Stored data
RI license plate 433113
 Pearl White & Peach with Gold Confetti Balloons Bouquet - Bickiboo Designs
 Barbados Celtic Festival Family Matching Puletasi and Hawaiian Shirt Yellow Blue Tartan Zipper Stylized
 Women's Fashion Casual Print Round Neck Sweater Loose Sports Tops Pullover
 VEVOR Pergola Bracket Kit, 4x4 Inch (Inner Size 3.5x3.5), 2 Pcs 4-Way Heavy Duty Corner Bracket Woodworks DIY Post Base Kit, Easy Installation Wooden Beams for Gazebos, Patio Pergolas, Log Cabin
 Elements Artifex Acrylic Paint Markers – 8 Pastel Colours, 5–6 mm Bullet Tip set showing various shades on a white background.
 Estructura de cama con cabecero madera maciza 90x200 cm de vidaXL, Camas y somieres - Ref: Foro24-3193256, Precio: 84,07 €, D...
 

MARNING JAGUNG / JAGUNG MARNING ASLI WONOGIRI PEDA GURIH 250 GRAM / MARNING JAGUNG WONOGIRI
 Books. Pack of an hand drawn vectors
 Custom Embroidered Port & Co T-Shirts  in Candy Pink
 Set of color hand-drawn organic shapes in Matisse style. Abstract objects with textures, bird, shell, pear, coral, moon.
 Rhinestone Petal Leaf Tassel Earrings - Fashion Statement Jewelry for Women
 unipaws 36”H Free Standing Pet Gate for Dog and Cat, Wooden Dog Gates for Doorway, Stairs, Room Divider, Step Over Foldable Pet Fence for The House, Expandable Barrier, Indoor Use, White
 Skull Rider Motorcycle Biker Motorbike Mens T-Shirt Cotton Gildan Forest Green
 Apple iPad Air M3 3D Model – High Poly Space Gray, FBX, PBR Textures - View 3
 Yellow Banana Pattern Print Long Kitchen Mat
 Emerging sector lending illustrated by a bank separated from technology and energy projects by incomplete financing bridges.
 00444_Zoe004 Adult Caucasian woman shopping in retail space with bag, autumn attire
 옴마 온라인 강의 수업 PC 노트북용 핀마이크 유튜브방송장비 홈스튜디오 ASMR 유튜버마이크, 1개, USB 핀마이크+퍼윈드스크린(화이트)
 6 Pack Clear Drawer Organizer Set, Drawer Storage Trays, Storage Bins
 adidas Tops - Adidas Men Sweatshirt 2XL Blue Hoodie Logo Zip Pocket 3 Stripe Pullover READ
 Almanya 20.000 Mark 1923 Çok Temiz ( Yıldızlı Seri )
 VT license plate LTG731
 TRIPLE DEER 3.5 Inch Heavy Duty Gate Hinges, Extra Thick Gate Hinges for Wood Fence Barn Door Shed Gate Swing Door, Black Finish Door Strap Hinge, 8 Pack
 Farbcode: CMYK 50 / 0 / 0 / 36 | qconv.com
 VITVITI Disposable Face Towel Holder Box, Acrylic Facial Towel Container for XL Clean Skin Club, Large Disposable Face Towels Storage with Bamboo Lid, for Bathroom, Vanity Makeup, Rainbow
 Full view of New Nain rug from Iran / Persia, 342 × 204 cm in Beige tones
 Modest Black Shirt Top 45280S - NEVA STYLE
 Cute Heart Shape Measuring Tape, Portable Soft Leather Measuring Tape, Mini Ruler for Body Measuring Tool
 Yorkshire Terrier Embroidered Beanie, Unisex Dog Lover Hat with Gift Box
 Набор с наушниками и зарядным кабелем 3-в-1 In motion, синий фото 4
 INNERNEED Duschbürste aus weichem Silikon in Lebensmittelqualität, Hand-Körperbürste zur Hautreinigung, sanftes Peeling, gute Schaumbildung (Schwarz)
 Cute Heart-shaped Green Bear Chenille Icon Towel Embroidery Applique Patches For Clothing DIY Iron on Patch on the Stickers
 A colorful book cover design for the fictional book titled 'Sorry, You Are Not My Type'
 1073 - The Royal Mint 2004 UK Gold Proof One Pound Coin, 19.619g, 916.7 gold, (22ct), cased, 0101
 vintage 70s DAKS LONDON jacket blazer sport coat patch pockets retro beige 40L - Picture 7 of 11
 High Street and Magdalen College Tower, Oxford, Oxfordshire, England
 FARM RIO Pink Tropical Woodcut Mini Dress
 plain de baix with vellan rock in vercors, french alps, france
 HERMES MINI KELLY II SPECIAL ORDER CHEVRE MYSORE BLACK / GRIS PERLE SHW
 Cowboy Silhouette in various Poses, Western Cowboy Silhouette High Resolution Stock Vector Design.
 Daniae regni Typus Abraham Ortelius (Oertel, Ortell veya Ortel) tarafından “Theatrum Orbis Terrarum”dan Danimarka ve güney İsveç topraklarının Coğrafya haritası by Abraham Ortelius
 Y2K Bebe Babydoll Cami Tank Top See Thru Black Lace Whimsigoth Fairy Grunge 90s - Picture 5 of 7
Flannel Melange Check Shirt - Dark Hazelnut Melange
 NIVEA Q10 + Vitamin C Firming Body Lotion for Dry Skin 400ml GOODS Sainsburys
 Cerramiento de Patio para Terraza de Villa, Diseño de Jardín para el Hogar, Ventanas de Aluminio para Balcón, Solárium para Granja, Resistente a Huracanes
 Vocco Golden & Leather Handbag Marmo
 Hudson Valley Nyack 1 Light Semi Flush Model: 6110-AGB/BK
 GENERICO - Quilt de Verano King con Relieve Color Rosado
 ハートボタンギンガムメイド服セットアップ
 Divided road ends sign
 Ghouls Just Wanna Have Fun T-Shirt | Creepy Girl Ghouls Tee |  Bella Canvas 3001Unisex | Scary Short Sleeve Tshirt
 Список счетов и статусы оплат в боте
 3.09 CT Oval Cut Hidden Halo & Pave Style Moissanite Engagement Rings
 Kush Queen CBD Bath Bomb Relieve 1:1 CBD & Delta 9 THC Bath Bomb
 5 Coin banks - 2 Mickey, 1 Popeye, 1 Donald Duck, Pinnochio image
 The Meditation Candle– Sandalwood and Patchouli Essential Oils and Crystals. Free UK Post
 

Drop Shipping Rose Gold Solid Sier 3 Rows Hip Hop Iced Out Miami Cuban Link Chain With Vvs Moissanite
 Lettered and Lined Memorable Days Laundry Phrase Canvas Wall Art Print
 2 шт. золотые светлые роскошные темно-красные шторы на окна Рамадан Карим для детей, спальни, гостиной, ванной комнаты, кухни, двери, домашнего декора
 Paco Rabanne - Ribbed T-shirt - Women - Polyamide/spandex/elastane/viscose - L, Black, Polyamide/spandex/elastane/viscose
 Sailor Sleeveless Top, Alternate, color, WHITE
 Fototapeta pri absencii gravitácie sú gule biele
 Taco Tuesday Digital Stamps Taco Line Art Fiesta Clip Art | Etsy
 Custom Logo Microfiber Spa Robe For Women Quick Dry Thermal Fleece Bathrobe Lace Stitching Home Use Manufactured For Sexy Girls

#### Problem requirements:
Please make the answer a complete, exact reproduction of the records.

#### Exercise result:
RI license plate 433113
 Pearl White & Peach with Gold Confetti Balloons Bouquet - Bickiboo Designs
 Barbados Celtic Festival Family Matching Puletasi and Hawaiian Shirt Yellow Blue Tartan Zipper Stylized
 Women's Fashion Casual Print Round Neck Sweater Loose Sports Tops Pullover
 VEVOR Pergola Bracket Kit, 4x4 Inch (Inner Size 3.5x3.5), 2 Pcs 4-Way Heavy Duty Corner Bracket Woodworks DIY Post Base Kit, Easy Installation Wooden Beams for Gazebos, Patio Pergolas, Log Cabin
 Elements Artifex Acrylic Paint Markers – 8 Pastel Colours, 5–6 mm Bullet Tip set showing various shades on a white background.
 Estructura de cama con cabecero madera maciza 90x200 cm de vidaXL, Camas y somieres - Ref: Foro24-3193256, Precio: 84,07 €, D...
 

MARNING JAGUNG / JAGUNG MARNING ASLI WONOGIRI PEDA GURIH 250 GRAM / MARNING JAGUNG WONOGIRI
 Books. Pack of an hand drawn vectors
 Custom Embroidered Port & Co T-Shirts  in Candy Pink
 Set of color hand-drawn organic shapes in Matisse style. Abstract objects with textures, bird, shell, pear, coral, moon.
 Rhinestone Petal Leaf Tassel Earrings - Fashion Statement Jewelry for Women
 unipaws 36”H Free Standing Pet Gate for Dog and Cat, Wooden Dog Gates for Doorway, Stairs, Room Divider, Step Over Foldable Pet Fence for The House, Expandable Barrier, Indoor Use, White
 Skull Rider Motorcycle Biker Motorbike Mens T-Shirt Cotton Gildan Forest Green
 Apple iPad Air M3 3D Model – High Poly Space Gray, FBX, PBR Textures - View 3
 Yellow Banana Pattern Print Long Kitchen Mat
 Emerging sector lending illustrated by a bank separated from technology and energy projects by incomplete financing bridges.
 00444_Zoe004 Adult Caucasian woman shopping in retail space with bag, autumn attire
 옴마 온라인 강의 수업 PC 노트북용 핀마이크 유튜브방송장비 홈스튜디오 ASMR 유튜버마이크, 1개, USB 핀마이크+퍼윈드스크린(화이트)
 6 Pack Clear Drawer Organizer Set, Drawer Storage Trays, Storage Bins
 adidas Tops - Adidas Men Sweatshirt 2XL Blue Hoodie Logo Zip Pocket 3 Stripe Pullover READ
 Almanya 20.000 Mark 1923 Çok Temiz ( Yıldızlı Seri )
 VT license plate LTG731
 TRIPLE DEER 3.5 Inch Heavy Duty Gate Hinges, Extra Thick Gate Hinges for Wood Fence Barn Door Shed Gate Swing Door, Black Finish Door Strap Hinge, 8 Pack
 Farbcode: CMYK 50 / 0 / 0 / 36 | qconv.com
 VITVITI Disposable Face Towel Holder Box, Acrylic Facial Towel Container for XL Clean Skin Club, Large Disposable Face Towels Storage with Bamboo Lid, for Bathroom, Vanity Makeup, Rainbow
 Full view of New Nain rug from Iran / Persia, 342 × 204 cm in Beige tones
 Modest Black Shirt Top 45280S - NEVA STYLE
 Cute Heart Shape Measuring Tape, Portable Soft Leather Measuring Tape, Mini Ruler for Body Measuring Tool
 Yorkshire Terrier Embroidered Beanie, Unisex Dog Lover Hat with Gift Box
 Набор с наушниками и зарядным кабелем 3-в-1 In motion, синий фото 4
 INNERNEED Duschbürste aus weichem Silikon in Lebensmittelqualität, Hand-Körperbürste zur Hautreinigung, sanftes Peeling, gute Schaumbildung (Schwarz)
 Cute Heart-shaped Green Bear Chenille Icon Towel Embroidery Applique Patches For Clothing DIY Iron on Patch on the Stickers
 A colorful book cover design for the fictional book titled 'Sorry, You Are Not My Type'
 1073 - The Royal Mint 2004 UK Gold Proof One Pound Coin, 19.619g, 916.7 gold, (22ct), cased, 0101
 vintage 70s DAKS LONDON jacket blazer sport coat patch pockets retro beige 40L - Picture 7 of 11
 High Street and Magdalen College Tower, Oxford, Oxfordshire, England
 FARM RIO Pink Tropical Woodcut Mini Dress
 plain de baix with vellan rock in vercors, french alps, france
 HERMES MINI KELLY II SPECIAL ORDER CHEVRE MYSORE BLACK / GRIS PERLE SHW
 Cowboy Silhouette in various Poses, Western Cowboy Silhouette High Resolution Stock Vector Design.
 Daniae regni Typus Abraham Ortelius (Oertel, Ortell veya Ortel) tarafından “Theatrum Orbis Terrarum”dan Danimarka ve güney İsveç topraklarının Coğrafya haritası by Abraham Ortelius
 Y2K Bebe Babydoll Cami Tank Top See Thru Black Lace Whimsigoth Fairy Grunge 90s - Picture 5 of 7
Flannel Melange Check Shirt - Dark Hazelnut Melange
 NIVEA Q10 + Vitamin C Firming Body Lotion for Dry Skin 400ml GOODS Sainsburys
 Cerramiento de Patio para Terraza de Villa, Diseño de Jardín para el Hogar, Ventanas de Aluminio para Balcón, Solárium para Granja, Resistente a Huracanes
 Vocco Golden & Leather Handbag Marmo
 Hudson Valley Nyack 1 Light Semi Flush Model: 6110-AGB/BK
 GENERICO - Quilt de Verano King con Relieve Color Rosado
 ハートボタンギンガムメイド服セットアップ
 Divided road ends sign
 Ghouls Just Wanna Have Fun T-Shirt | Creepy Girl Ghouls Tee |  Bella Canvas 3001Unisex | Scary Short Sleeve Tshirt
 Список счетов и статусы оплат в боте
 3.09 CT Oval Cut Hidden Halo & Pave Style Moissanite Engagement Rings
 Kush Queen CBD Bath Bomb Relieve 1:1 CBD & Delta 9 THC Bath Bomb
 5 Coin banks - 2 Mickey, 1 Popeye, 1 Donald Duck, Pinnochio image
 The Meditation Candle– Sandalwood and Patchouli Essential Oils and Crystals. Free UK Post
 

Drop Shipping Rose Gold Solid Sier 3 Rows Hip Hop Iced Out Miami Cuban Link Chain With Vvs Moissanite
 Lettered and Lined Memorable Days Laundry Phrase Canvas Wall Art Print
 2 шт. золотые светлые роскошные темно-красные шторы на окна Рамадан Карим для детей, спальни, гостиной, ванной комнаты, кухни, двери, домашнего декора
 Paco Rabanne - Ribbed T-shirt - Women - Polyamide/spandex/elastane/viscose - L, Black, Polyamide/spandex/elastane/viscose
 Sailor Sleeveless Top, Alternate, color, WHITE
 Fototapeta pri absencii gravitácie sú gule biele
 Taco Tuesday Digital Stamps Taco Line Art Fiesta Clip Art | Etsy
 Custom Logo Microfiber Spa Robe For Women Quick Dry Thermal Fleece Bathrobe Lace Stitching Home Use Manufactured For Sexy Girls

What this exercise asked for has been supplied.